#### [Exercise aim]
From the line containing "Band performing on" through the last line of the records below, each line is to be repeated exactly; pictures are to be omitted.

#### [Task data]
────────────────────
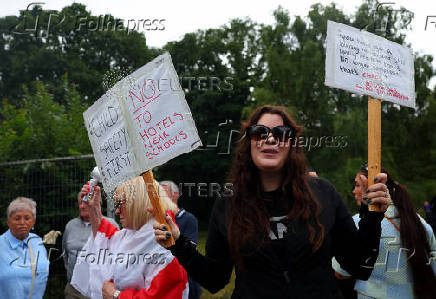 Protests outside a hotel used for housing asylum seekers, in Epping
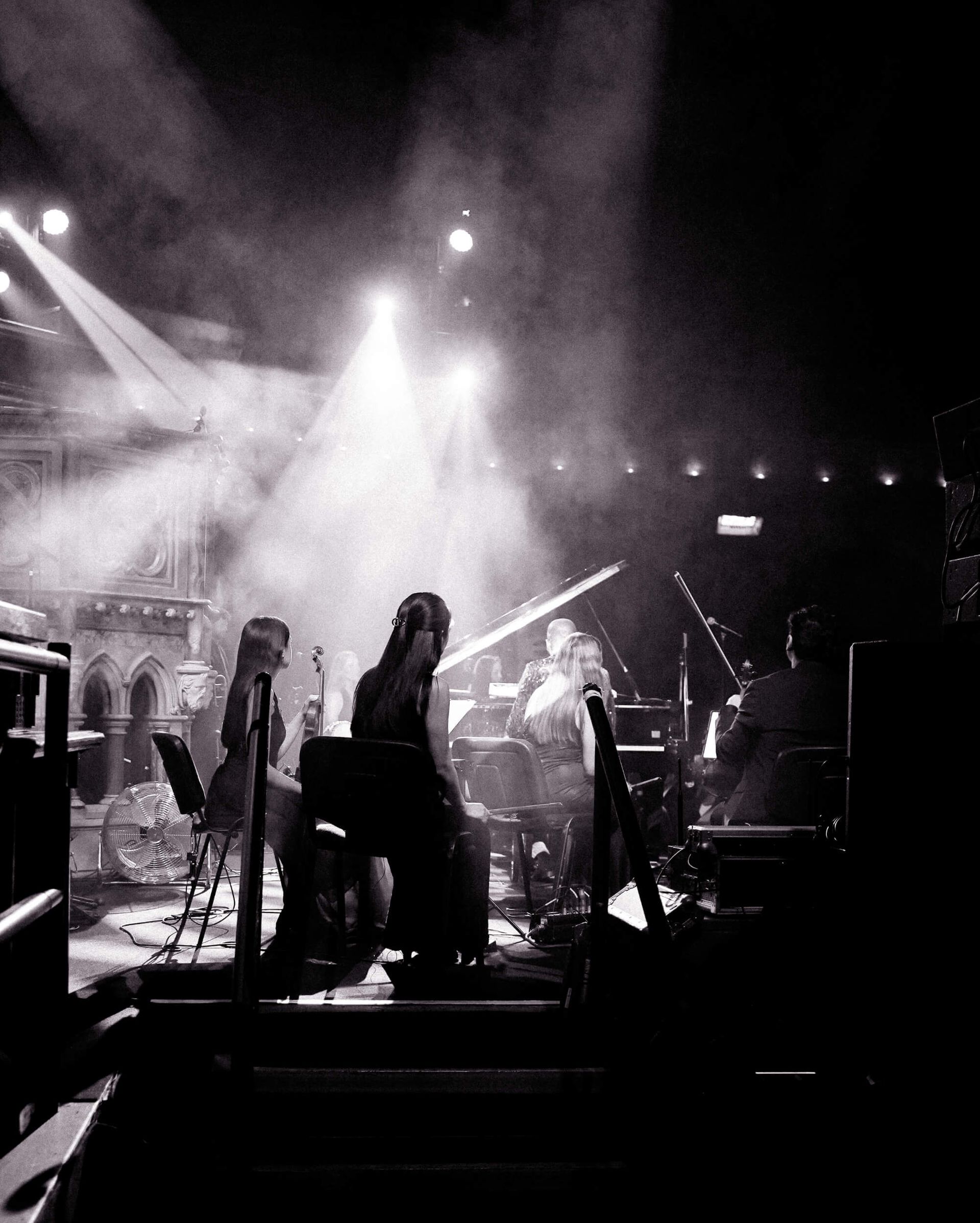 Band performing on stage, bathed in bright spotlights and smoky haze.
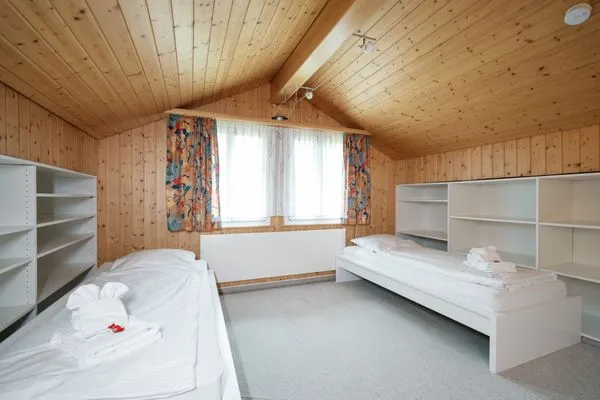 Bedroom with two single beds  Ferienhaus Bergblick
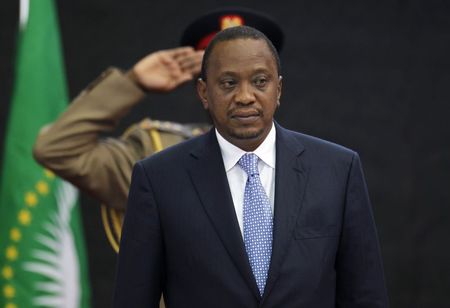 © Reuters. Kenya's President Kenyatta stands for Kenya's national anthem before the Africa Union Peace and Security Council Summit on Terrorism at the Kenyatta International Convention Centre in Nairobi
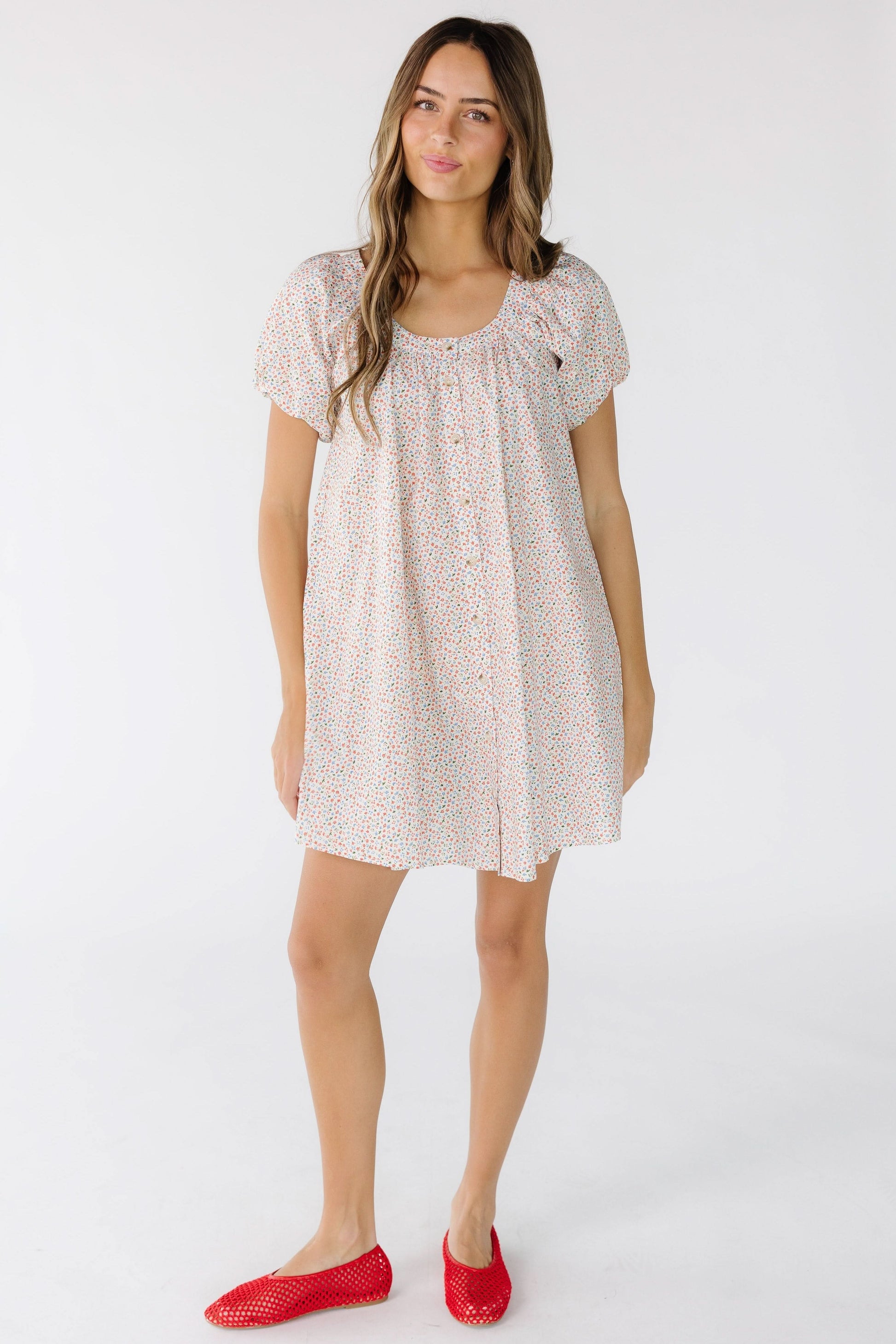 Woman wearing a modest above the knee loose fitting swing dress that buttons down the front.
────────────────────
#### [Exercise answer]
 Band performing on stage, bathed in bright spotlights and smoky haze.
 Bedroom with two single beds  Ferienhaus Bergblick
 © Reuters. Kenya's President Kenyatta stands for Kenya's national anthem before the Africa Union Peace and Security Council Summit on Terrorism at the Kenyatta International Convention Centre in Nairobi
 Woman wearing a modest above the knee loose fitting swing dress that buttons down the front.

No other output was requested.